To your eyes a thousand years are like yesterday, come and gone, no more than a watch in the night.
One good olive.
There are so many factors.
The altitude. The light. The soil. The temperature. The rainfall. The wind. The dew point and humidity. The age of the tree.
Then there are those factors that we can control: pruning, watering, fertilizing, fanning, netting, and wrapping chilly trees with burlap or fleece.
And of course there are those other factors, those that fall somewhere in-between, between our control and our complete lack thereof: most of these relate to the sneaky work of numerous little thieves—animals, birds, insects, and perhaps even fellow farmers or other hungry travelers who just happen to pass by.
But when all is said and done—when all the factors are poured into the olive equation, mixed-up well, and left to unify or settle out—the fruit that’s produced by the world’s most nostalgic, symbolic, and romantic of trees means very little (at least in digestive terms) if it’s simply left to shrivel up and fall to the ground.
Picking an olive is perhaps the highest part of the art.
When to do so? And toward what end?
If too early, great potential is squandered.
If too late, great taste is lost.
If indecisive, we might as well let nature enjoy it for the time being—for one way or another—God’s process will eventually return it to the earth.
And yet, we’re still not done, for even if the olive is picked at just the right time, from just the right tree—the one that has grown in all the right circumstances—when it comes to the culmination of olive production, all is moot if the precious fruit of the womb is never squeezed.

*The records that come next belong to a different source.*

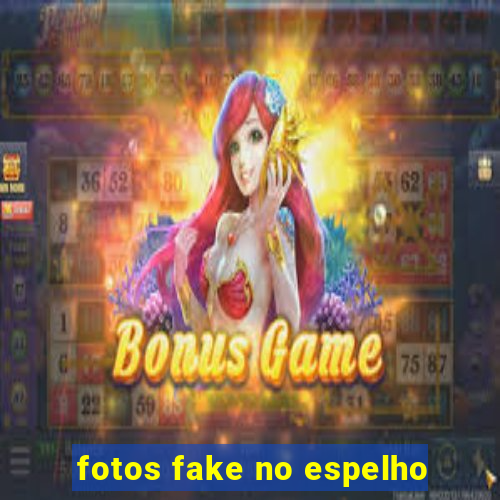fotos fake no espelho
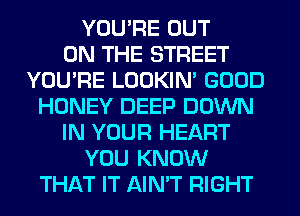 YOU'RE OUT
ON THE STREET
YOU'RE LOOKIN' GOOD
HONEY DEEP DOWN
IN YOUR HEART
YOU KNOW
THAT IT AIN'T RIGHT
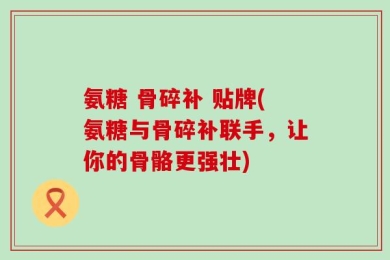 氨糖 骨碎补 贴牌(氨糖与骨碎补联手，让你的骨骼更强壮)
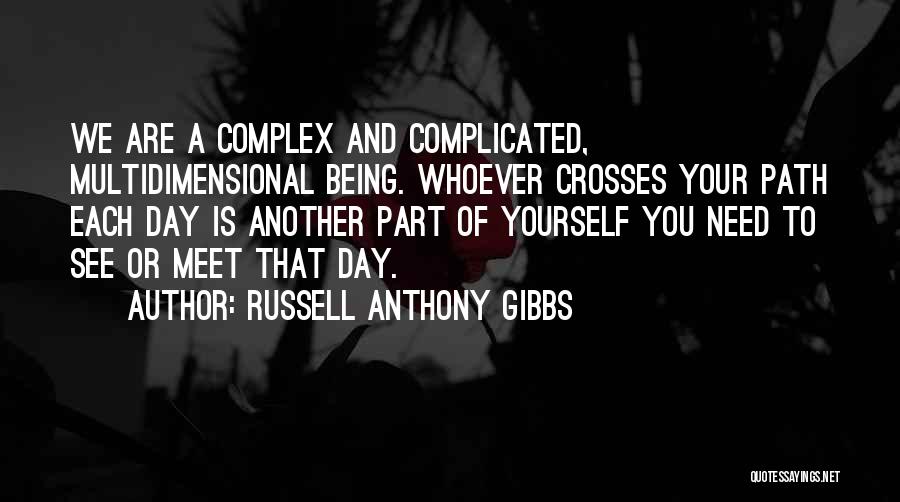 Russell Anthony Gibbs Quotes: We Are A Complex And Complicated, Multidimensional Being. Whoever Crosses Your Path Each Day Is Another Part Of Yourself You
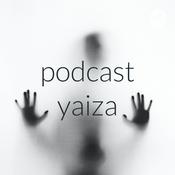 Podcast podcast yaiza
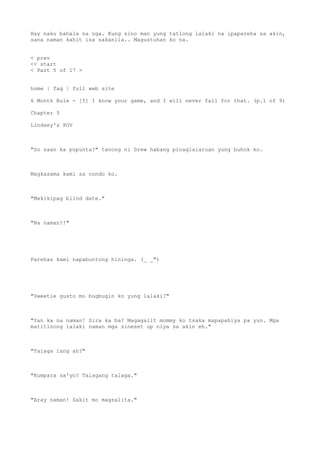 Hay naku bahala na nga. Kung sino man yung tatlong lalaki na ipapareha sa akin,
sana naman kahit isa sakanila.. Magustuhan ko na.
< prev
<< start
< Part 5 of 17 >
home | faq | full web site
6 Month Rule - [5] I know your game, and I will never fall for that. (p.1 of 9)
Chapter 5
Lindsey's POV
"So saan ka pupunta?" tanong ni Drew habang pinaglalaruan yung buhok ko.
Magkasama kami sa condo ko.
"Makikipag blind date."
"Na naman?!"
Parehas kami napabuntong hininga. (_ _")
"Sweetie gusto mo bugbugin ko yung lalaki?"
"Yan ka na naman! Sira ka ba? Magagalit mommy ko tsaka mapapahiya pa yun. Mga
matitinong lalaki naman mga sineset up niya sa akin eh."
"Talaga lang ah?"
"Kumpara sa'yo? Talagang talaga."
"Aray naman! Sakit mo magsalita."
 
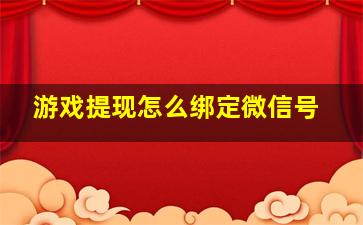 游戏提现怎么绑定微信号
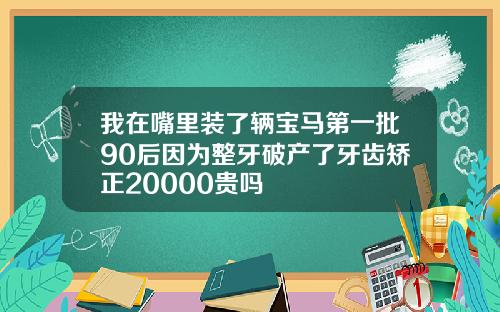 我在嘴里装了辆宝马第一批90后因为整牙破产了牙齿矫正20000贵吗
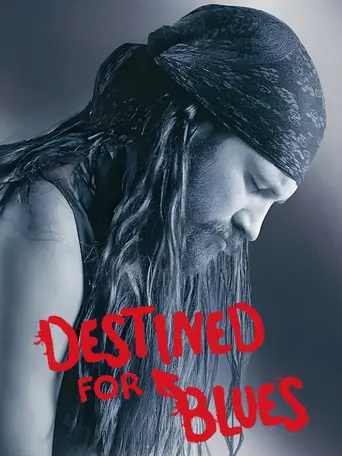Destined for Blues (2005)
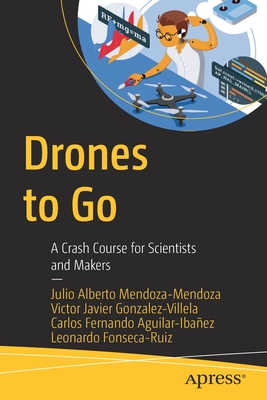 Drones to Go: A Crash Course for Scientists and Makers Cover Image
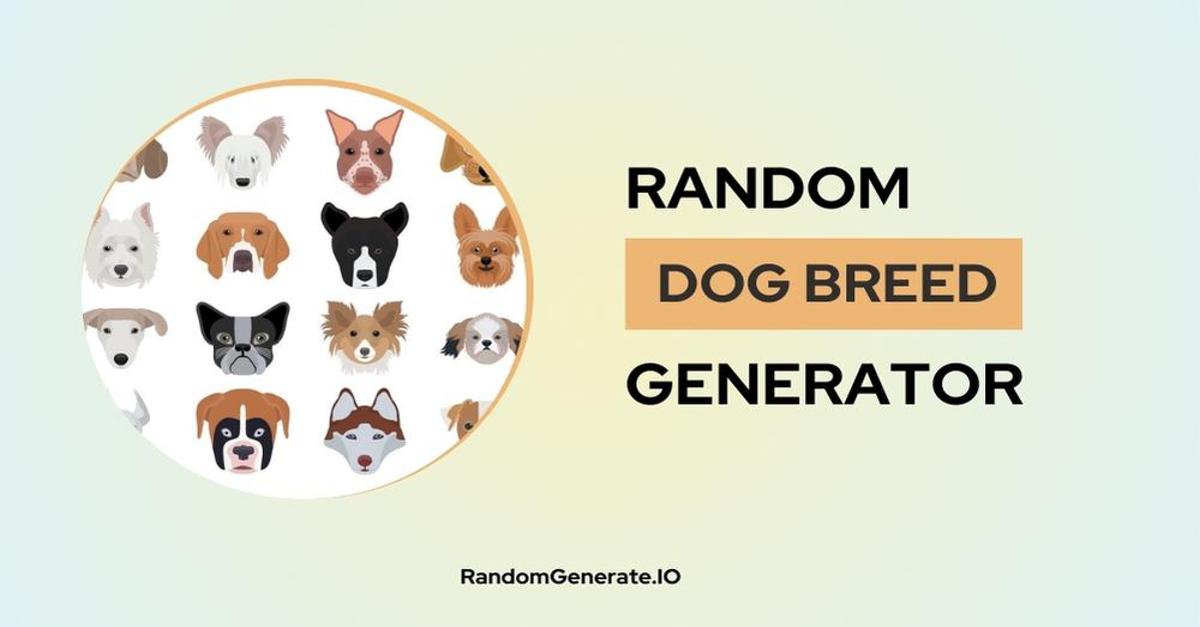 Random Dog Breed Generator Pick a Dog Breed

For no matter how good the olive, without applied pressure, there’s nothing left to be labeled “pure extra virgin”.
But when the fullness of time had come, God sent his Son, born of a women…
* Gethsemane is the name of a garden on the Mount of Olives in Jerusalem. It appears in the Greek of the Gospel of Matthew and the Gospel of Mark as Γεθσημανή (Gethsēmanē). The name is derived from the Aramaic ܓܕܣܡܢ (Gaḏ-Šmānê), meaning “oil press”.